My friend and I have been pretty active at trying new things as of late. I am talking about the friend that I joined the gym with and we have been attending a multitude of group fitness classes that we are not generally subscribers of. I'm talking Mat Pilates, Vinyasa Yoga, Gentle Yoga, Ballet Boot Camp, and Zumba just to name a few (trust me, my muscles have definitely been feeling outside their comfort zone).
Also, on a girls night out recently, we sipped a wine or three and decided we weren't ending our Mama's evening out on the town without joining in with the young crowd to offer our voices to the Karaoke that was happening. Everyone in that bar sang Karaoke, everyone including the bartender between pouring drinks, I was not going to let us leave that place as the two old broads that didn't join in (I am not sure people thought we were necessarily "old broads" but when I put it that way to my friend she was ready for that microphone, comfort zone or not).
Laser Tag Photo credit: Ultrazone Laser Tag |
And what about the fact that were in the car heading to a laser tag place? My friend was hosting an adults only laser tag party, where we were going to run around a black light lit maze-like room, wearing kind-of stinky vest that sported flashing lights on them, using laser guns with goofy names like "inferno" and "boomer", and destroy the other teams bases all while trying to not get shot with lasers, this was a prime example of us stepping out of our comfort zone.
Later that evening, I was thinking about our conversation in the car, and I started wondering why I have become rather comfortable stepping outside my comfort zone. I think that as a Mama you can't help but see the world through your children's eyes, their fears that can seem so silly, their apprehension about new things that are truly only new for a moment, their lack of confidence over situations that if they just could muster a bit of bravery they would soar right through, and you start to realize that the same is true for most new situations as an adult.

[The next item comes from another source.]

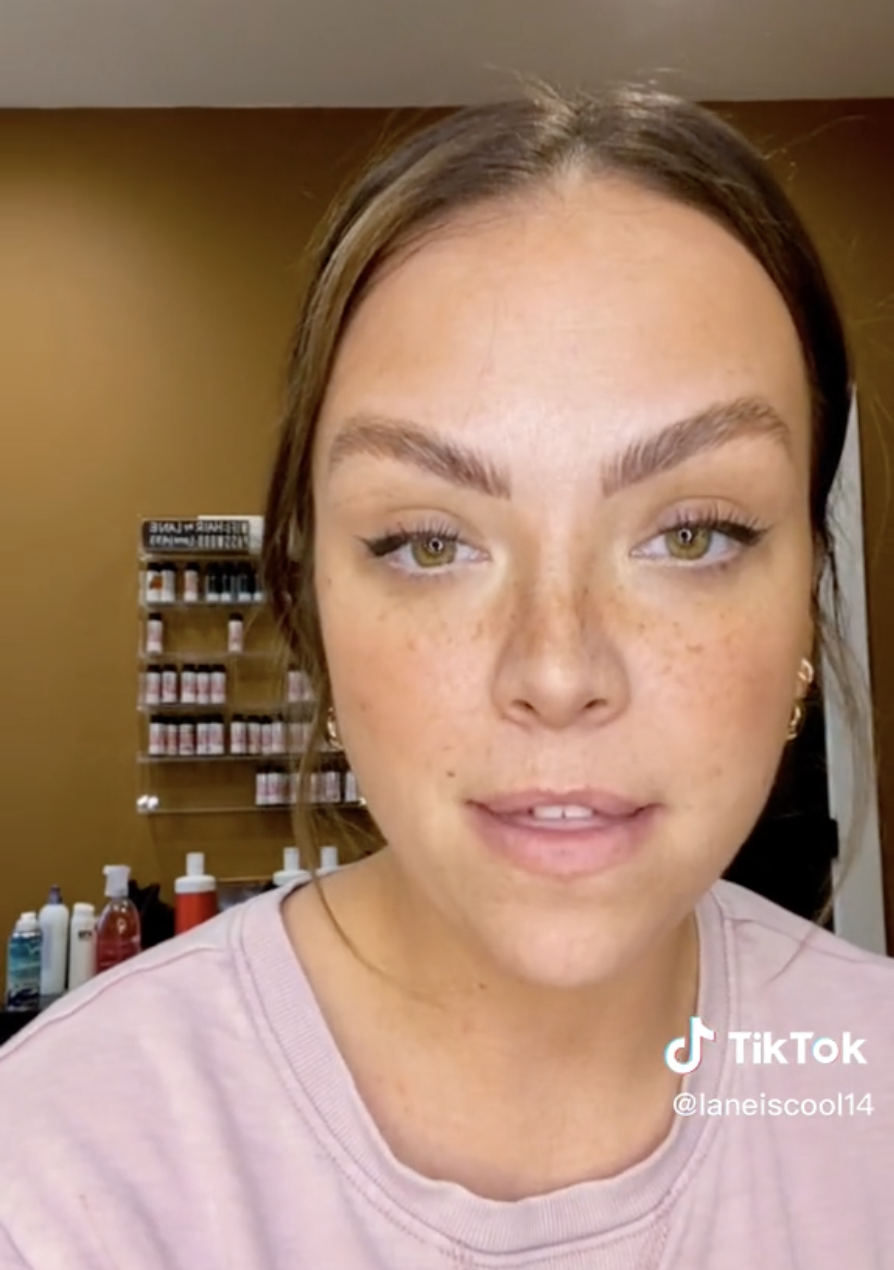 Lane坦言和生父的感情需要時間和努力來變親近。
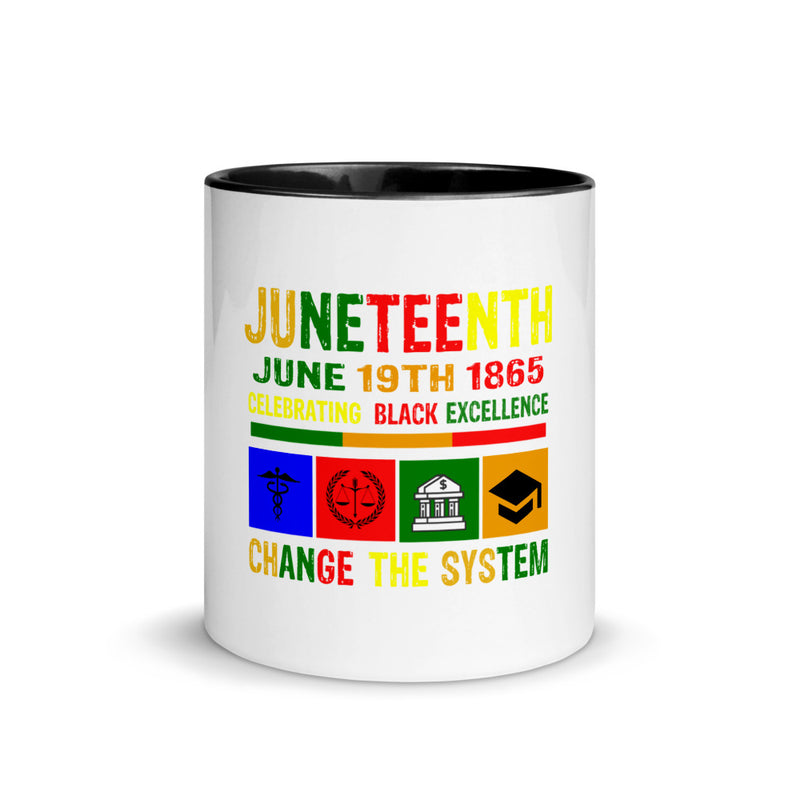 Mug with Color Inside - thisjuneteenth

I don't worry about looking like I don't know what I am doing in the midst of a new situation because I how can I help it, I don't know what I am doing. I am not afraid of asking questions if I don't understand something because that's how you learn and I trust that I am not being judged by anyone but myself, so if I treat myself kindly most likely others will too. All those thoughts make my comfort zone more like guidelines rather than areas of discomfort.